Le référent culturel en la matière est celui du bureau
de l’ordinateur et de la navigation via la souris dans des menus
ou des icônes. Sur les écrans « multitouch »
(type iPhone, par exemple) nous naviguons déjà sans périphériques
avec des gestes plus intuitifs car inspirés de notre gestuelle
naturelle, l’action par exemple qui consiste à écarter
ou rapprocher les doigts pour agrandir ou diminuer une image, de les pivoter
pour la faire tourner, de poser le doigt et de la faire glisser pour la
poser ailleurs. Comme un objet physique qu’on pourrait manipuler.
Avec la réalité augmentée « optical see through
» un nouveau pas est franchi vers cette conception intuitive de
la navigation. L’objectif est d’aller vers des modes de navigation
encore plus intuitifs qui associent des réflexes issus de notre
gestuelle naturelle à notre culture de l’interface PC. Il
faut que l’apprentissage du système soit naturel et réduit
à son strict minimum.
Sur la première version du programme interactif du projet REVES,
l’interface est classique, inspirée des applications multimédia
standards. On déplace un curseur avec la main vers des menus interactifs
pour naviguer dans les différentes animations.
Avec le développement des algorithmes de reconnaissance gestuelle,
une grammaire gestuelle plus élaborée a été
définie pour les versions suivantes. Celle-ci décompose
un ensemble de gestes correspondants à des fonctions élémentaires
qui associés permettront de naviguer dans les contenus (désigner/activer,
prendre/déplacer/relâcher, ouvrir/fermer,…). Elle s’inspire
d’une gestuelle naturelle comme fermer la main pour « prendre
», la bouger pour «déplacer ». etc…
Les tests effectués auprès du public de la Cité des
Sciences ont confirmé cette approche. Dès lors que les images
virtuelles s’affichent dans le champ de vision et se confondent
avec l’environnement réel le réflexe naturel est d’essayer
de les attraper, les déplacer par exemple comme un objet réel.
Lors des tests des réflexes d’interaction ont été
noté des utilisateurs, issus de notre culture multimédia,
comme celui d’essayer d’appuyer avec le doigt sur des zones
sensibles de l’image (comme les menus) pour activer une interaction
dans sur un écran tactile.

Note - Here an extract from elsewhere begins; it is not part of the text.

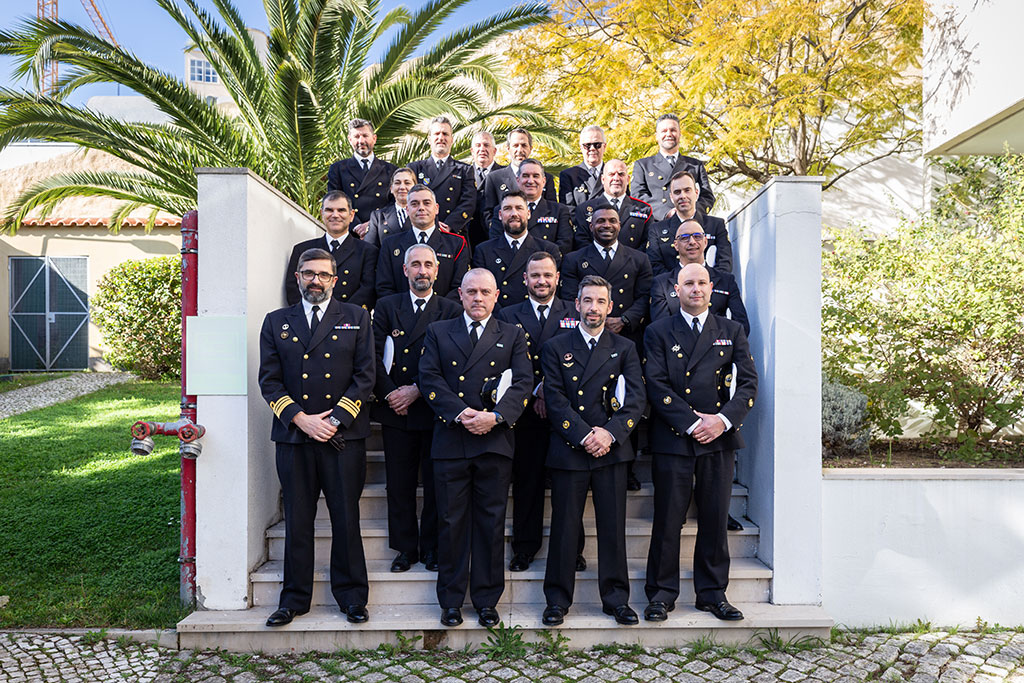 Curso de Promoção a Sargento-chefe visita o Instituto Hidrográfico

Ces travaux ont été intégrés
pour construire une prochaine interface de navigation qui permettra de
naviguer avec une gestuelle intuitive, d’abord en désignant
et manipulant les objets virtuels qui sont dans la scène (premier
niveau de navigation),ensuite avec des outils et des menus contextuels
qui pourront être affiché/desaffiché pour des fonctions
plus avancées.
La navigation est conçue, en outre, de manière dynamique,
c’est-à-dire, qu’elle doit évoluer en fonction
des mouvements, des changements de scène vue, de l’enrichissement
virtuel affiché et dans les 3 dimensions du déplacement.
Laster technologies a mis en place de multiples partenariats et une équipe
multi-disciplinaires. Cette organisation permet de fusionner les compétences
utiles pour associer aux développements technologiques matériels
et logiciels, les innovations nécessaires en termes d’application
finale. Tous ces champs d’innovations sont liés, et en dernier
lieu, ce sont les aspects liés à l’ergonomie, à
la bonne intégration des interfaces virtuelles dans le champ de
vision, l’adaptation aux besoins, la plus value des applications,
qui feront le succès de ce nouveau média.